Many of us don’t even think about our blood sugar levels when we’re scrabbling through the medicine cabinet, looking for a pain reliever. We just want to make the pain disappear—stat. But people with diabetes do need to take that matter into consideration when they’re taking any medication.

If you have type 2 diabetes, your doctor or diabetes educator has probably warned you to be vigilant about the effects that that your diet, your activity level, and any other medication you take on a regular basis can have on your blood sugar levels. You also need to be careful about any pain relieving medication that you take, even if it’s just on an occasional basis, because certain types of pain killers can lower or raise your blood sugar levels.

NSAIDs

There are times when you can easily treat pain with an over-the counter pain reliever. You may take a low dose of aspirin or a non-steroidal anti-inflammatory drug (NSAID) like ibuprofen or naproxen to relieve the occasional headache or muscle pain. A regular dose is unlikely to affect your blood sugar levels, but a higher-than-usual dose may lower your blood sugar level. Talk to your doctor about what’s an appropriate dose for your occasional aches and pains so you don’t accidentally cause an episode of hypoglycemia.

Another word of caution. You might have settled on an effective dose of a particular pain reliever that won’t drastically alter your blood sugar levels. But your diabetes puts you at elevated risk for certain other health conditions.
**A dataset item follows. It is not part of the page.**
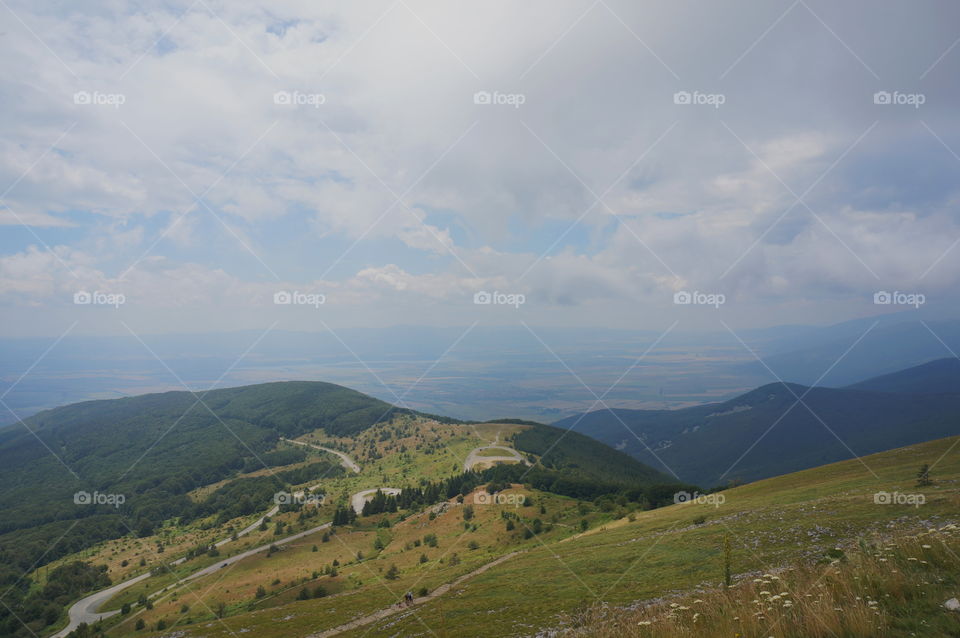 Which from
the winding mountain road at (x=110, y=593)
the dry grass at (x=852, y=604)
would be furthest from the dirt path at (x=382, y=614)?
the winding mountain road at (x=110, y=593)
So you may have other medical conditions you need to manage—and you will need to watch out for the effect any pain killers you take can have on those. For example, NSAIDS like ibuprofen and naproxen can increase your blood pressure. And they can affect your kidneys, too, which is problematic because diabetes is a leading cause of kidney failure. 

Salsalate

If you have arthritis or other joint pain issues, your doctor might recommend that you take the prescription anti-inflammatory drug known as salsalate. Research has shown that this drug can also lower blood glucose levels, although the Food and Drug Administration (FDA) hasn’t given an official green light to salsalate for this purpose.  In fact, experts are considering whether it might make a useful drug for people with type 2 diabetes who need help lowering their blood sugar levels. However, that means that anyone who is already taking it to relieve pain should be aware of this effect—and take any necessary steps to address it.

Other Prescription Pain-Relieving Drugs

Depending on the type of pain that you experience, your doctor may decide you need something stronger than an NSAID. But it’s still critical to know how that medication may affect your blood sugar levels—and if it might interact with another drug you’re already taking that could also affect your blood sugar levels. A few examples:

  • Duloxetine. The antidepressant duloxetine is one of two drugs approved by the FDA for the relief of pain associated with the painful nerve damage known as diabetic neuropathy. Many people who have had diabetes for many years experience diabetic neuropathy. Keeping good control of your blood sugar levels—keeping them in your target range—is the best strategy you can embrace to reduce the development of diabetic neuropathy. Duloxetine medication can also raise your blood sugar levels, so you will want to closely monitor your levels if your doctor prescribes this for you.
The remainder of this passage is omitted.